■ DATA SUPPLIED
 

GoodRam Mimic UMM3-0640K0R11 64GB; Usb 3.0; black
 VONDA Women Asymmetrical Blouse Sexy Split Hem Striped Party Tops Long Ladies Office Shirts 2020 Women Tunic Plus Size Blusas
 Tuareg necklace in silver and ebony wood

* * *

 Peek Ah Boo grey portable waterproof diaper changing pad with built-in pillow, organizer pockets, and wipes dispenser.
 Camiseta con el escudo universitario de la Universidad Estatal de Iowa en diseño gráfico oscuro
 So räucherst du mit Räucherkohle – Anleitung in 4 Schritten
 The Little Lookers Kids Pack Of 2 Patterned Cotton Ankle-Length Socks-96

==

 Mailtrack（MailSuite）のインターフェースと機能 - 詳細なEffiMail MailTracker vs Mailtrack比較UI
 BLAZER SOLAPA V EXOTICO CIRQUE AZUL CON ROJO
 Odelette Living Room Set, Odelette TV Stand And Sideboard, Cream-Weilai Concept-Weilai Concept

■ PROMPT
In the entries above, the lines from the one bearing "Peek Ah Boo" up to and including the one bearing "The Little Lookers" should be transcribed exactly; no other line is wanted.

■ RESPONSE TO THIS TASK
 Peek Ah Boo grey portable waterproof diaper changing pad with built-in pillow, organizer pockets, and wipes dispenser.
 Camiseta con el escudo universitario de la Universidad Estatal de Iowa en diseño gráfico oscuro
 So räucherst du mit Räucherkohle – Anleitung in 4 Schritten
 The Little Lookers Kids Pack Of 2 Patterned Cotton Ankle-Length Socks-96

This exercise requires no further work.